そのような経験を経て、今に至り、強く思うことがあります。それは「理解されなくても、やる」です。
理解されなくても、やるんです。

やりたいこと・信じた道ならば、理解されなくても、やるんです。「理解されるかどうか」「共感されるかどうか」は、企画の適切さを見直す意味では重要なフィードバックではありますが、自分がやり続けるのか、やめるのか、を決めるための要因・判断基準にはなりません。
「理解されようが、理解されまいが、やる」かどうか、やりたいかどうか。

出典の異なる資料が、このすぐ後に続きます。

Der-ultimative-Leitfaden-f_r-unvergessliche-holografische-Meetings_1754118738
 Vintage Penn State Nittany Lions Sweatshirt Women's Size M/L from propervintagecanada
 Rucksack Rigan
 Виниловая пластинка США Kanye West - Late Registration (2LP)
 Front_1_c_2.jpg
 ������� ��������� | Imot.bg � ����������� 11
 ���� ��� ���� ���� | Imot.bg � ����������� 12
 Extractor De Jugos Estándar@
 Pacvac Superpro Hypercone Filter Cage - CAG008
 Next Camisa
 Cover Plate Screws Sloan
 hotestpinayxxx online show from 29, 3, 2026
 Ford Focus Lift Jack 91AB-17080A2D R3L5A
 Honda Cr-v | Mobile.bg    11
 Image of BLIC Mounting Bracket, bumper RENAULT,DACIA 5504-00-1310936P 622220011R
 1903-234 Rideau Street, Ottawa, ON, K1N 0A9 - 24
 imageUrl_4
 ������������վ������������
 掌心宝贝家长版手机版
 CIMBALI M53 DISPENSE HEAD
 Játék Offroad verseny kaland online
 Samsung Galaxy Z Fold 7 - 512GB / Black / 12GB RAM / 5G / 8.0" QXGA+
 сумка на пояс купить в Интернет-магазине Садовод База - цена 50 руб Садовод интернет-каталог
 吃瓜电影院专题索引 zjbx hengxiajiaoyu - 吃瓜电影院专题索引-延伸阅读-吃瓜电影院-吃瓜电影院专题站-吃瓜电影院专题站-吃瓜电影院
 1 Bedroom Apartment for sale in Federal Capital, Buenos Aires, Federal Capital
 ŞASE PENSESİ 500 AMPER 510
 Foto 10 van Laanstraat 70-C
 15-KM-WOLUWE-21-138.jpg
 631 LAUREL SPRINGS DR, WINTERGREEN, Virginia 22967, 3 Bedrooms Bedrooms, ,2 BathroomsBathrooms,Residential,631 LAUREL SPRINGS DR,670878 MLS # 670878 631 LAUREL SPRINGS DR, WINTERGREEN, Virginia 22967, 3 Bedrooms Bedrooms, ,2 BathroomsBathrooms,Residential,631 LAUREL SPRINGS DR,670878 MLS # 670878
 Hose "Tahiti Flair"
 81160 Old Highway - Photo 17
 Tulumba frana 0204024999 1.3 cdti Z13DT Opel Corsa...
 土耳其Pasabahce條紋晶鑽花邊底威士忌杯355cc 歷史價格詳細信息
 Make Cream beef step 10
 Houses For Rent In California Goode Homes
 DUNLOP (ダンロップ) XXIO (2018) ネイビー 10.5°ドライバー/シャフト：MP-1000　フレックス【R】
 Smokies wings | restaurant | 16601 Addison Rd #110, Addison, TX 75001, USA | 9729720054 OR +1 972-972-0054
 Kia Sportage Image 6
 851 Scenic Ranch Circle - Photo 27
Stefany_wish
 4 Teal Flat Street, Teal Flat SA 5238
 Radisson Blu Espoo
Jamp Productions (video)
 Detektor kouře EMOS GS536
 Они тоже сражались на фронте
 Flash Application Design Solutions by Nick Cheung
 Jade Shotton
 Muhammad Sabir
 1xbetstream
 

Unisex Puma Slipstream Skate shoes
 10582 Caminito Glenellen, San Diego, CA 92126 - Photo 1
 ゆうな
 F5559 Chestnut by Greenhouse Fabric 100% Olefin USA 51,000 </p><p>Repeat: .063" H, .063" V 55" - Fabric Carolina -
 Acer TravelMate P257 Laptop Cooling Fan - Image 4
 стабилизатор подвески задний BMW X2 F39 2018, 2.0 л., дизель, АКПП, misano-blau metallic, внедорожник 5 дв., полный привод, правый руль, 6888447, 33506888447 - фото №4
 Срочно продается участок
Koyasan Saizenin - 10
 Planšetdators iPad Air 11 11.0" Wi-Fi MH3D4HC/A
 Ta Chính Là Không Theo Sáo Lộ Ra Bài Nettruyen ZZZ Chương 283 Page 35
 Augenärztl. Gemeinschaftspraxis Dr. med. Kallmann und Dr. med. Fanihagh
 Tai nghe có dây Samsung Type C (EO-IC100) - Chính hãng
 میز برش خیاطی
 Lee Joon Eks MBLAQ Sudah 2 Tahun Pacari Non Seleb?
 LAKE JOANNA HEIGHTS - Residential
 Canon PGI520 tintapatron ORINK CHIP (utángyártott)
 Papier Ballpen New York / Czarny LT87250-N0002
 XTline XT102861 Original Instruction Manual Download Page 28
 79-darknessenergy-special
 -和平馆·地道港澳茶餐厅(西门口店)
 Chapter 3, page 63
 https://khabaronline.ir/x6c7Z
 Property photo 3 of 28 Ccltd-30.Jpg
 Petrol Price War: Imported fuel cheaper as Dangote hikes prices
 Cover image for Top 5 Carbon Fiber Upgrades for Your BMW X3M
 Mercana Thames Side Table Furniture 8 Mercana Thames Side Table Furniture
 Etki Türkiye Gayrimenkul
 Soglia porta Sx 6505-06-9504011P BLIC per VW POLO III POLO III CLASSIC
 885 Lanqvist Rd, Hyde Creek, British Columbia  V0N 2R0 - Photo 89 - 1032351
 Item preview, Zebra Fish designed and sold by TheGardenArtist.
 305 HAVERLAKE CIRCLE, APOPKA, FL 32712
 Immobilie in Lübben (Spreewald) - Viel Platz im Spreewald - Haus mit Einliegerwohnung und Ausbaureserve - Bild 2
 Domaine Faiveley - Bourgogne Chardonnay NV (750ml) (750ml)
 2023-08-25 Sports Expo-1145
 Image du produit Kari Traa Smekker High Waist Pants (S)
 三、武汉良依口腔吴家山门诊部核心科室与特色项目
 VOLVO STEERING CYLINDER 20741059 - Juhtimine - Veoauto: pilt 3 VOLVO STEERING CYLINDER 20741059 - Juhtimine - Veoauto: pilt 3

そこに本質があるような気がします。
特に、起業や新規事業には圧倒的に求められる精神だと思います。

現実においては、事業・活動は仲間がいないとできないですし、仲間と一緒に熱く楽しくやりたいものです。
まわりから評価されて、関心を持たれて、参加してくれる人が増えれば、これほどうれしいことはありません。
しかし、たとえ・仮に・万が一、まわりからあまり評価されず、1人だけになったとしても、それでもその事業・活動をやるのか・やりたいのかどうか。

その問いはとても重要・有効な問いだと思うし、大きな判断基準になってくれると思います。

私が愛用しているゲーテの言葉で「自分一人で石を持ち上げる気がなければ、二人がかりでも石は持ち上がらない」という言葉があります。
これは団体のトップや事業部長、プロジェクト責任者など、あらゆるリーダーに必要な姿勢・覚悟だと思います。
仮に自分一人であったとしても石を持ち上げる気があるというのは、とてもパワフルです。
その姿勢・覚悟にまわりの人たちは力を貸してくれます。
その姿勢が人を惹きつけ、多くの共感者や仲間が増えていきます。

こんなことをわざわざ書くのは、私が理解されずに苦しんできたからでもありますし、いま理解されずに苦しんでいるリーダーたちにエールを送りたいからです。
また、理解されないことでひよっている人に発破をかけたいからです。
自分がやりたいことなら・信じた道ならば、理解されなくてもやる。
たとえ・仮に・万が一1人になったとしてもやる。
その姿勢・覚悟こそがとてもパワフルなのだと思います。

「理解されない日々を超えて」。
この言葉が15年経った今の地平から最も言える言葉のような気がします。
これからも自分の信じた道を仲間と共にしっかりと歩んでいきたいと思います。